En los cuatro casos, a la deliberada erosión de la democracia la acompañaron estrategias para cultivar apoyos internacionales que permitieran a los gobiernos distanciarse, desvirtuar y desafiar los acuerdos de protección de la democracia y los derechos humanos. En la conjunción entre los atropellos a la democracia y la disposición de recursos económicos extraordinarios para costear alianzas y desplantes, Venezuela se convirtió en el caso más extremo de estridencia y disposición a la confrontación exterior. Ahora, ante la merma de recursos que ofrecer, realizaciones que mostrar y legitimidad interior que alegar, recrudece una sorda agresividad internacional.
Primero fue con Guyana, con la campaña para dar la vida por la reclamación, para finalmente apagar los micrófonos, dar vueltas por el Caribe en plan de reducir daños y tratar de recuperar apoyos en tiempos de sequía para la petrodiplomacia.
Luego ha sido la escalada con Colombia, mucho más agresiva, verbalmente y en acciones cargadas de arbitrariedad, generadoras de una inocultable emergencia humanitaria imposible de acallar a voluntad.
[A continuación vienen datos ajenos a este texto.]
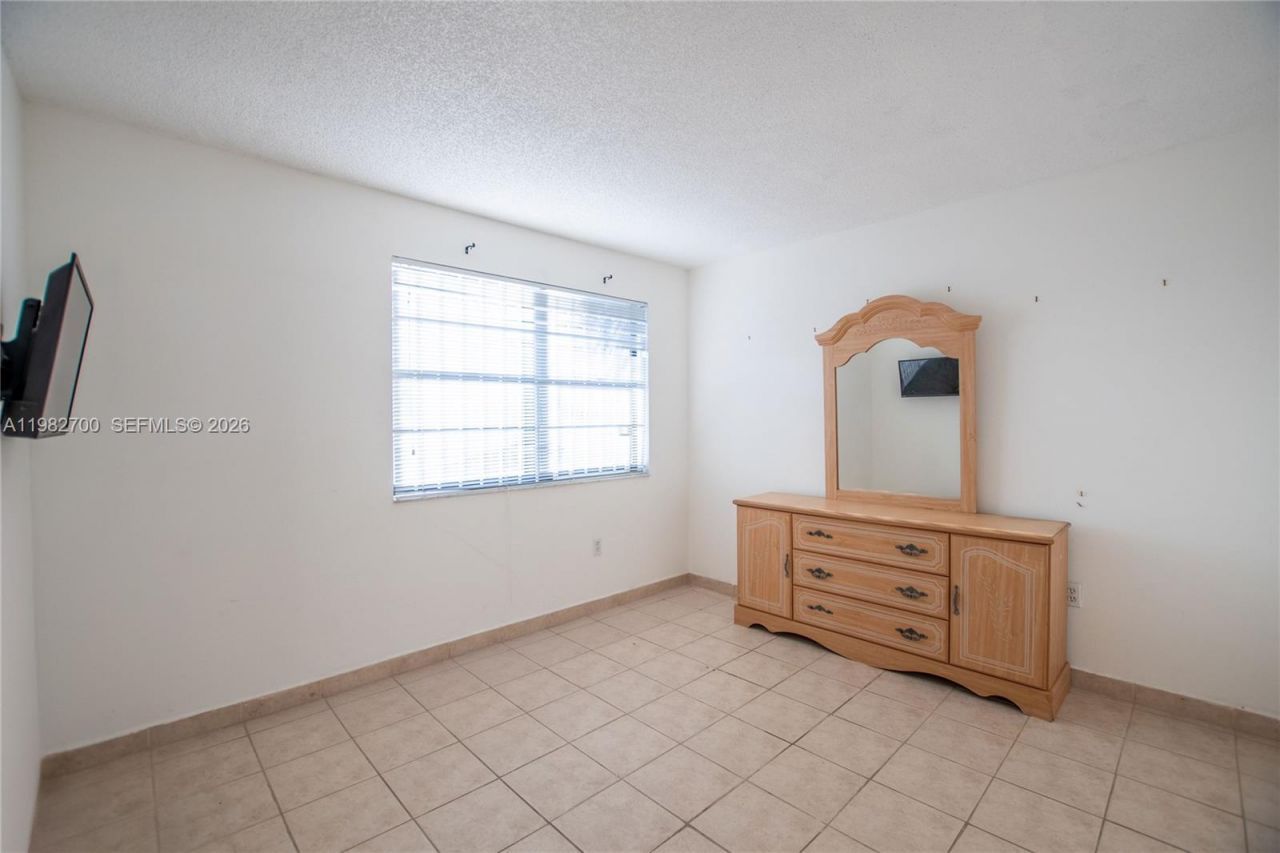 860 NW 106th Ave, Unit 2B3-5, Miami, FL 33172 Photo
Desde Caracas se han descalificado informes y expresiones de preocupación internacional a la vez que evadido –viaje a China mediante– cualquier encuentro bilateral y debate multilateral sustantivo, no solo en la OEA sino también en la Unasur.
Así son los altos costos y riesgos en los que el gobierno venezolano está dispuesto a incurrir (y quiere que se sepa dentro y fuera de Venezuela), antes que asumir su parte de responsabilidad y las acciones necesarias para superar la debacle económica; antes que dejar fluir con el necesario respeto y normalidad el proceso electoral y permitir su debida observación. Así es también la debilidad no solo material sino moral y estratégica, que en su escalada de agresividad ha evidenciado la pérdida de apoyos internacionales incondicionales y de capacidad para moverse en un contexto internacional que se ha vuelto tremendamente complicado, hasta para los que lo hacen bien.